Re: Data.* collections maintenance

22 Oct 2005

      Hello Christian

On Friday 21 Oct 2005 3:41 pm, Christian Maeder wrote:
...
(It would also be handy if your modules could be passed to the same
properties and performance checker if we had those.)
Yes, definining a common API which useable in actual applications
seems rather difficult, but even if we just agreed a common simple
API for correctness testing and benchmarking that would be useful
(these could be made much more thorough if they didn't have to
be re-written for each new implementation).
...
A different performance profile is of course fine (and desirable if
there is a big gain in certain or even most cases).
AVL seems to gain in two ways.

1- It does a better job of balancing in pathological cases like growing
   a tree from a sorted list (where the tree is not known to be sorted).

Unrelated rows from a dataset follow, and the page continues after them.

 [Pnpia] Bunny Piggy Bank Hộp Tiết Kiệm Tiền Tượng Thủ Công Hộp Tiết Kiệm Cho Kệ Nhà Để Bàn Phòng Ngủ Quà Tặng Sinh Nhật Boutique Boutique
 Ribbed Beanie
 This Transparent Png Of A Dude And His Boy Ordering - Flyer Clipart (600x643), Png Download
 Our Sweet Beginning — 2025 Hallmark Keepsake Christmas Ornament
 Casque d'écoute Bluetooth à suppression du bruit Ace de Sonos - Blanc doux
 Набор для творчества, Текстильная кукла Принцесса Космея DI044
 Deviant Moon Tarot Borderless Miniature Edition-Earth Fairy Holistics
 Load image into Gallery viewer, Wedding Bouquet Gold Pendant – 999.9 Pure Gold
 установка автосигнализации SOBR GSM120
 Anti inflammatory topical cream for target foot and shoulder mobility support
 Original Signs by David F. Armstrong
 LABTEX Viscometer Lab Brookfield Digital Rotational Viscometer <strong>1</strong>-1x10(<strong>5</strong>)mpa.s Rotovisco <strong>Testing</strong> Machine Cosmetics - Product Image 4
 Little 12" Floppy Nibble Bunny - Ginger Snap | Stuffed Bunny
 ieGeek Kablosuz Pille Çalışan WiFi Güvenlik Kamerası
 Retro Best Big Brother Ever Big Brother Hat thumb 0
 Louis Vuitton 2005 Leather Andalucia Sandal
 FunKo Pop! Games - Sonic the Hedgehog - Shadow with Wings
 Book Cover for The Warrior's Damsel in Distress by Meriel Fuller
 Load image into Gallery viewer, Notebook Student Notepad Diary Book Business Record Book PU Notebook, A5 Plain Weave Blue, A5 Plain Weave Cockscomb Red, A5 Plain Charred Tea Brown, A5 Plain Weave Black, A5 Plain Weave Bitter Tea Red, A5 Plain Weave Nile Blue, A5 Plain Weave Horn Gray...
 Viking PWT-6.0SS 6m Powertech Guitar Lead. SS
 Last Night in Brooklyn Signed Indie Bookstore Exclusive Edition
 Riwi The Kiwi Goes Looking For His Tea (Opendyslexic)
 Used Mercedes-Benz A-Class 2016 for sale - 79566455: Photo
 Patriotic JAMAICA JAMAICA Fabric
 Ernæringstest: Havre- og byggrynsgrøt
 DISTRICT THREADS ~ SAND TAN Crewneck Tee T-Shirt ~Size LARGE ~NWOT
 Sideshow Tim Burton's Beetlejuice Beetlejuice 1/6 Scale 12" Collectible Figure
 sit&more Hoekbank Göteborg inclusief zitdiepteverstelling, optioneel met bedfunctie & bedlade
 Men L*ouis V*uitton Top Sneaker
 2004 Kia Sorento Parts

2- The Hedge algorithm seems to be a bit of a problem IMO. The actual
   benchmark times for AVL union and Data.Set union aren't
   significantly different for sets of Ints (AVL seemed marginally
   faster, but nothing to get excited about).
   But if you count the number of comparisons actually performed
   Data.Set (Hedge algorithm) is doing about 3..5 times as many
   comparisons. Presumably this would be reflected in measured
   execution times in cases where set element comparison was less
   trivial than comparing Ints.

Also, you'd expect the additional indirection overhead of using
an AVL tree of association pairs (vs. specialised Data.Map) to
slow down lookup somewhat. But it doesn't seem to significantly
IIRC, even with Ints. Not sure why. Maybe better balancing is
giving shorter search paths, or maybe use of Ord dictionary
passing (vs. HOFs) is more expensive.

One problem with AVL is the complexity of most of the code means
producing specialised unboxed implementations manually is not an
attractive proposition. Hopefully compilers will do this sort of
thing for us one day.

But in reality I expect this sort of thing to be more of an issue
for benchmark style code using Ints. For more complex keys and
comparisons the indirection cost will be relatively insignificant
I think. For polymorpic implementations counting the actual number
of comparisons required by some function is just as important IMO.
...
So far, the problem always was to agree on an accepted interface (that I
didn't want to be a class but leave to the discipline of library writers.)
How about something like Data.Set.Tree.AVL (and Data.Set.Seq.Ordered)
or Data.SetByAVLTree (and Data.SetByOrderedSeq)?
Dunno. At one time I did have something like Data.Tree.AVL.Clone.Data.Set
and Data.Tree.AVL.Clone.Data.Map, but I never actually posted the
implementations. (I wish I had now because it seems I've lost them.)

Regards
--
Adrian Hey